PairWise matching millions of records

Question

I have an algorithmic problem at hand. To easily explain the problem, I will be using a simple analogy. I have an input file

Country,Exports
Austrailia,Sheep
US, Apple
Austrialia,Beef

End Goal: I have to find the common products between the pairs of countries so

{"Austrailia,New Zealand"}:{"apple","sheep}
{"Austrialia,US"}:{"apple"}
{"New Zealand","US"}:{"apple","milk"}

Process :

I read in the input and store it in a TreeMap > Where the List, the strings are interned due to many duplicates. Essentially, I am aggregating by country. where Key is country, Values are its Exports.

{"austrailia":{"apple","sheep","koalas"}}
{"new zealand":{"apple","sheep","milk"}}
{"US":{"apple","beef","milk"}}

I have about 1200 keys (countries) and total number of values(exports) is 80 million altogether. I sort all the values of each key:

{"austrailia":{"apple","sheep","koalas"}} -- > {"austrailia":{"apple","koalas","sheep"}}

This is fast as there are only 1200 Lists to sort.

for(k1:keys)
   for(k2:keys)
        if(k1.compareTo(k2) <0){ //Dont want to double compare
    List<String> intersectList = intersectList_func(k1's exports,k2's exports);
        countriespair.put({k1,k2},intersectList)
}

This code block takes so long.I realise it O(n2) and around 1200*1200 comparisions.Thus,Running for almost 3 hours till now.. Is there any way, I can speed it up or optimise it. Algorithm wise is best option, or are there other technologies to consider.
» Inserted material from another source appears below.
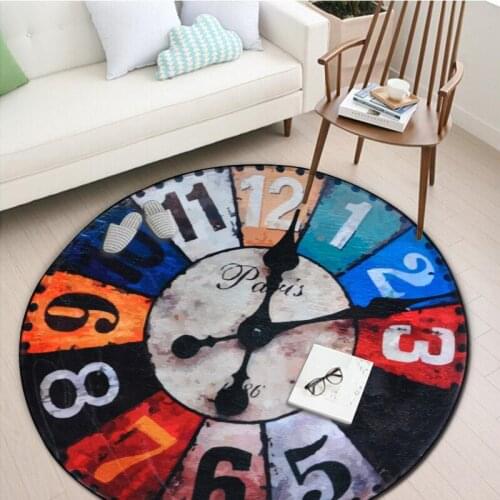 European Retro Round Wall Clock Rug Living Room Soft Velvet Childrens Bedroom Floor Mats and Area Carpet Computer Chair Mat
Edit: Since both List are sorted beforehand, the intersectList is O(n) where n is length of floor(listOne.length,listTwo.length) and NOT O(n2) as discussed below

private static List<String> intersectList(List<String> listOne,List<String> listTwo){
        int i=0,j=0;
        List<String> listResult = new LinkedList<String>(); 
        while(i!=listOne.size() && j!=listTwo.size()){
            int compareVal = listOne.get(i).compareTo(listTwo.get(j));
            if(compareVal==0){
                listResult.add(listOne.get(i));
                i++;j++;}               }
            else if(compareVal < 0) i++;
            else if (compareVal >0) j++;   
        }
        return listResult;
    }

Update 22 Nov My current implementation is still running for almost 18 hours. :|

Update 25 Nov I had run the new implementation as suggested by Vikram and a few others. It's been running this Friday. My question, is that how does grouping by exports rather than country save computational complexity. I find that the complexity is the same. As Groo mentioned, I find that the complexity for the second part is O(E*C^2) where is E is exports and C is country.
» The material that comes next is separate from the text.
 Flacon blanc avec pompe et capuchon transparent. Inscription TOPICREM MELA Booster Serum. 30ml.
Use a SQL DB and query would be a possible solution. – Ortwin Angermeier Nov 21 '13 at 09:18 — Ortwin Angermeier, Nov 21 '13 at 09:18
@prog_guy Give your input file to test my code on – Vikram Bhat Nov 26 '13 at 09:28 — Vikram Bhat, Nov 26 '13 at 09:28

Vikram Bhat · Answer 1 · 2013-11-26T09:56:38.103

Store something like following datastructure:- (following is a pseudo code)

ValuesSet ={
apple = {"Austrailia","New Zealand"..}
sheep = {"Austrailia","New Zealand"..}  

}

for k in ValuesSet 
    for k1 in k.values() 
       for k2 in k.values()   
           if(k1<k2)
              Set(k1,k2).add(k)

time complextiy: O(No of distinct pairs with similar products)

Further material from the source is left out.